8 de agosto de 2019

Era uma vez um padre que queria voar...

PASSAROLA

Figure de la Barque inventée en 1709 par Barthélemi Laurent de Gusman,
Chapelain du Roi à Lisbonne Pour s'élever et Cheminer à travers les Airs  (1784?)
 
[Bibliothèque national de France]
BARCA VOADORA
«Então é isto, e o padre Bartolomeu Lourenço respondeu, Há de ser isto, e, abrindo uma arca, tirou um papel que desenrolou, onde se via o desenho de uma ave, a passarola seria, isso era Baltasar capaz de reconhecer, e porque à vista era o desenho um pássaro, acreditou que todos aqueles materiais, juntos e ordenados nos lugares competentes, seriam capazes de voar. Mais para si próprio do que para Sete-Sóis, que do desenho não via mais que a semelhança da ave, e ela lhe bastava, o padre explicou, em tom primeiramente sereno, depois animando-se, Isto que aqui vês são as velas que servem para cortar o vento e que se movem segundo as necessidades, e aqui é o leme com que se dirigirá a barca, não ao acaso, mas por mão e ciência do piloto, e este é o corpo do navio dos ares, à proa e à popa em forma de concha marinha, onde se dispõem os tubos do fole para o caso de faltar o vento, como tantas vezes sucede no mar, e estas são as asas, sem elas como se haveria de equilibrar a barca voadora, e destas esferas não te falarei, que são segredo meu, bastará que te diga que sem o que elas levarão dentro não voará a barca, mas sobre este ponto ainda não estou seguro, e neste teto de arames penduraremos umas bolas de âmbar, porque o âmbar responde muito bem ao calor dos raios do sol para o efeito que quero, e isto é a bússola, sem ela não se vai a parte alguma, e isto são roldanas, servem para largar ou recolher as velas, como nos navios do mar. Calou-se alguns momentos, e acrescentou, E quando tudo estiver armado e concordante entre si, voarei.»
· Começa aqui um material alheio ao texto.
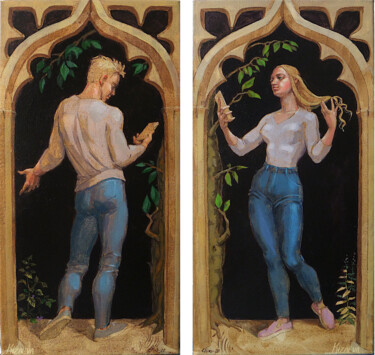 Pittura intitolato ""Адам и Ева эпохи с…" da Elena Kizaeva, Opera d'arte originale, Acrilico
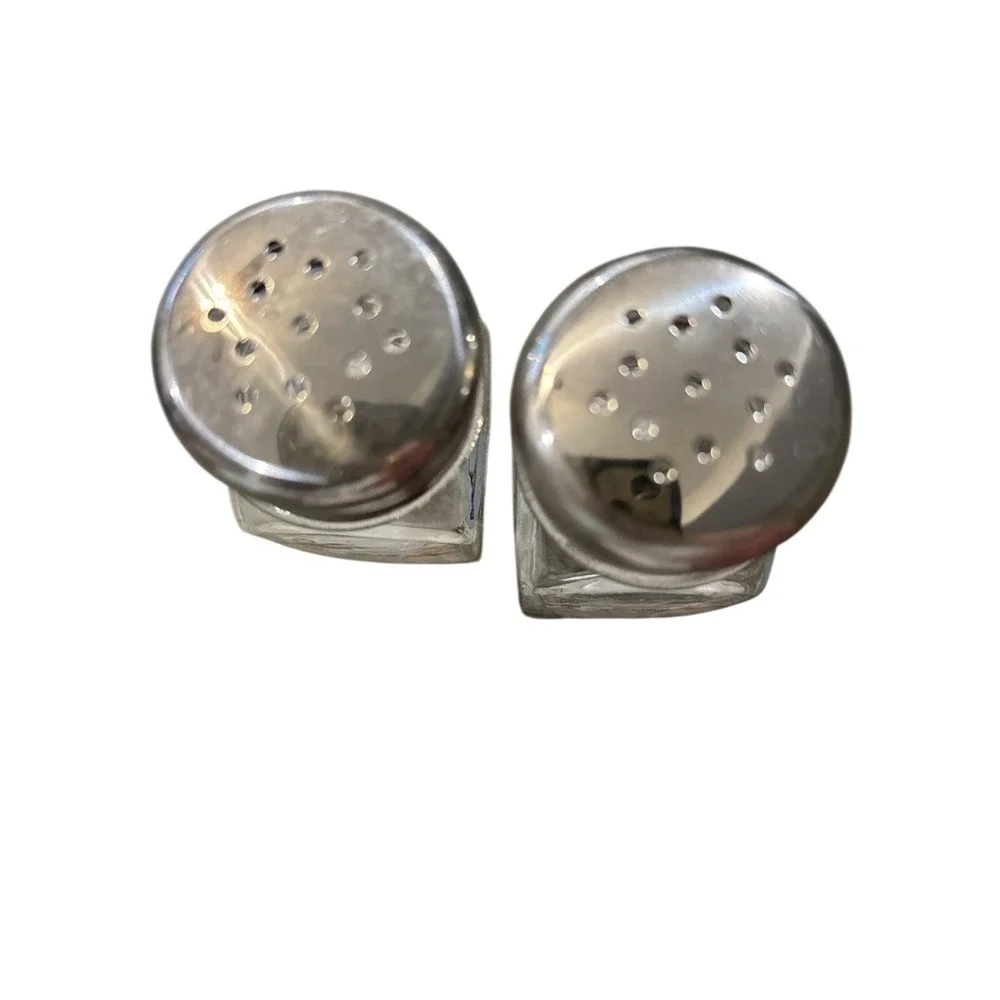 set of Bistro Italian Chef Salt & Pepper Shakers Glass & Metal Top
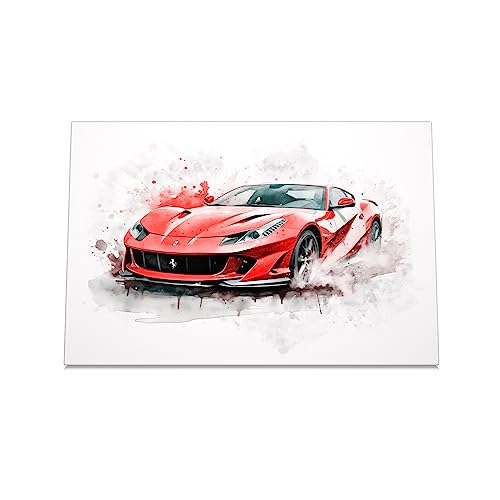 CanvasArts Watercolor Sketch Aquarell für Ferrari F12 - Leinwand Bild - Auto Artwork Modern Art Wandbild (80 x 60 cm, Leinwand auf Keilrahmen, Ferrari F12) von CanvasArts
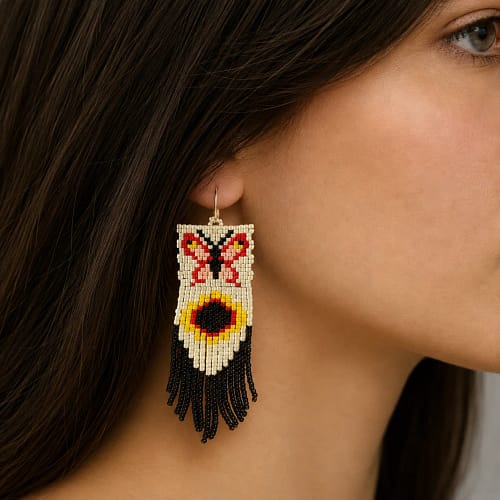 butterfly dance – beaded fringe earrings (4)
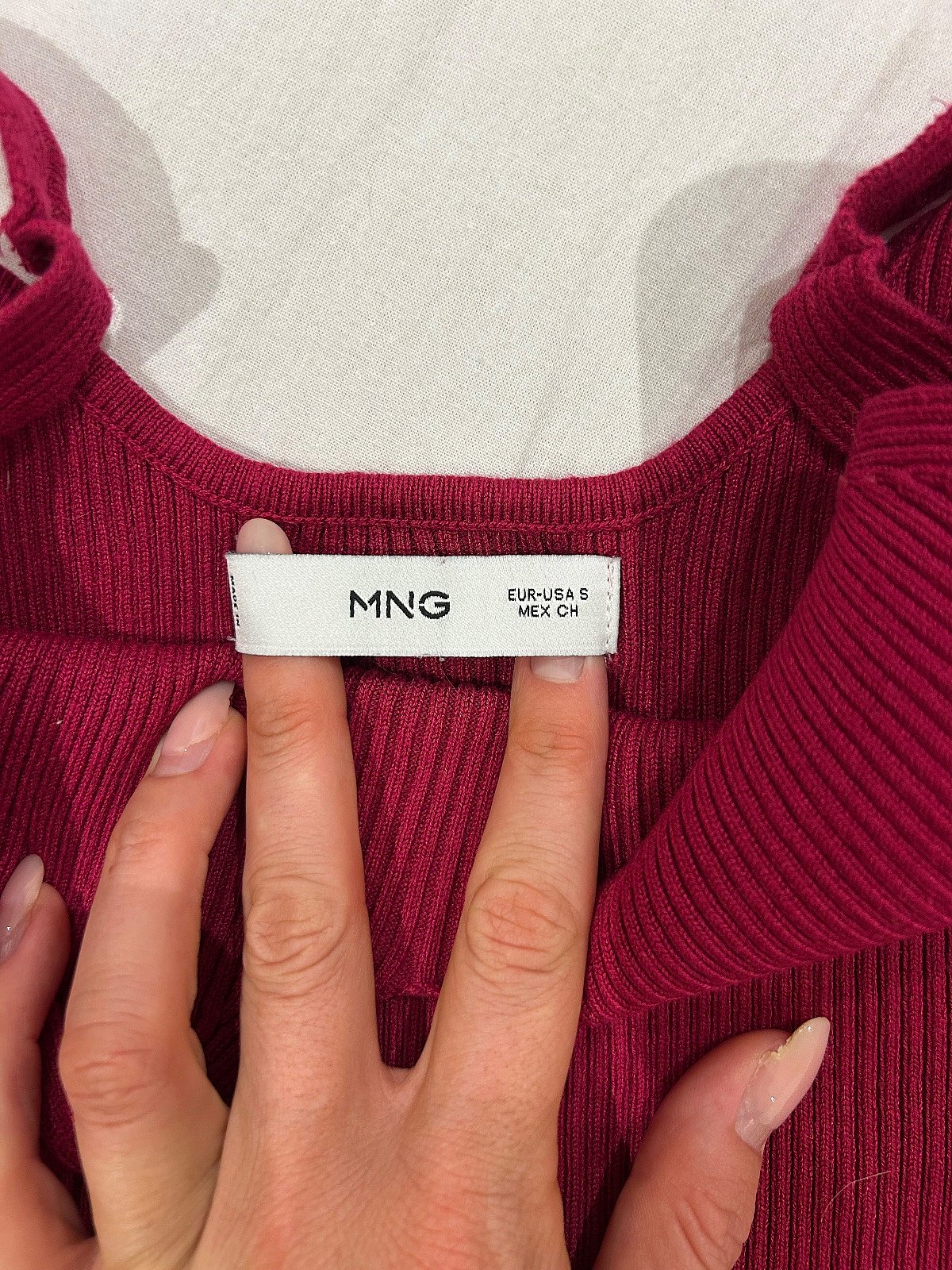Mango Burgundy Ribbed V-Neck Tank Top, photo 3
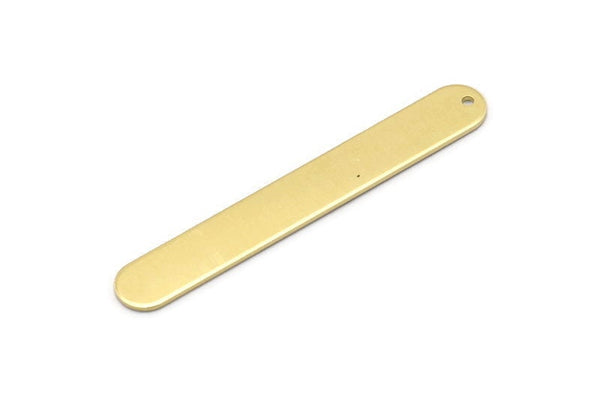 Brass Oval Charm, 6 Raw Brass Stamping Blanks, Brass Necklace Bar Charms With 1 Hole, Long Bar Pendants (50x7x0.80mm) M03234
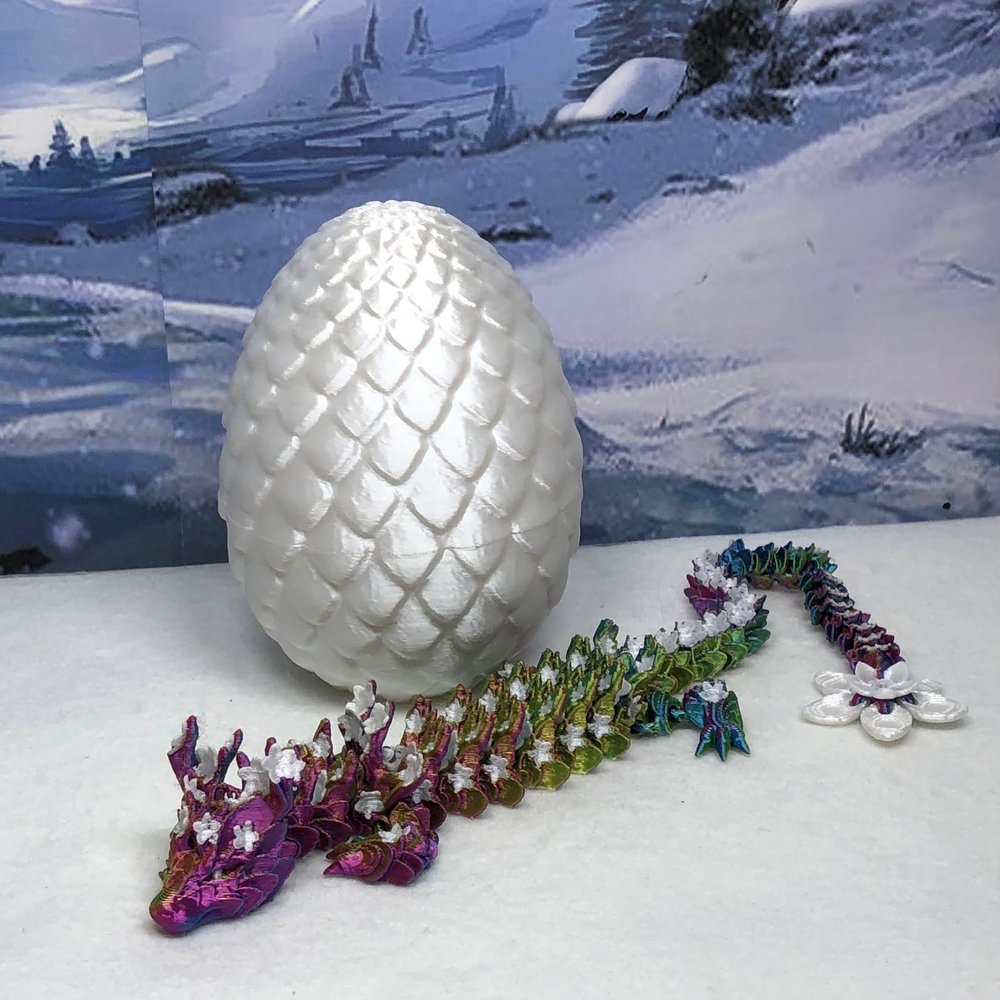3D Printed Dragon with Dragon Egg, Articulated Dragon, 12" Tri Color Red Yellow Blue Cherry Blossom Dragon, Fidget ADHD Autism Sensory Toy Executive Desk Toy D021-RYB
José Saramago, Memorial do Convento (1982: 67-68)
Foi a 3 de agosto de 1709 que o Padre Bartolomeu Lourenço de Gusmão (1685-1724) testou pela primeira vez na Casa do Forte de Lisboa o seu balão aquecido. Pretendia elevá-lo nos ares e assim provar que o homem também podia voar, se a tanto o ajudasse o engenho e arte. Ao que contam as crónicas da época, o protótipo ter-se-á incendiado antes de se libertar da força gravitacional da terra, pelo que a exibição se repetiu no dia 5, agora na Casa Real, tendo subido uns 4 metros até ser devorado pelo fogo. A terceira tentativa voltou à Casa do Forte, tendo o voo curto desse dia 6 resistido às chamas até à aterragem. Entusiasmado com o sucesso relativo alcançado, o seu criador resolveu realizar no dia 7 a experiência no Terreiro do Paço, onde o aeróstato ascendeu a grande altura e aí se manteve por longos minutos até pousar tranquilamente no chão. A Corte de Dom João V reunida no Paço Real da Ribeira teve ocasião de assistir à consagração definitiva do pequeno globo voador, que no dia 8 subiu por momentos até ao teto da Sala de Audiências, para depois descer suavemente no solo como se se tratasse duma verdadeira Passarola.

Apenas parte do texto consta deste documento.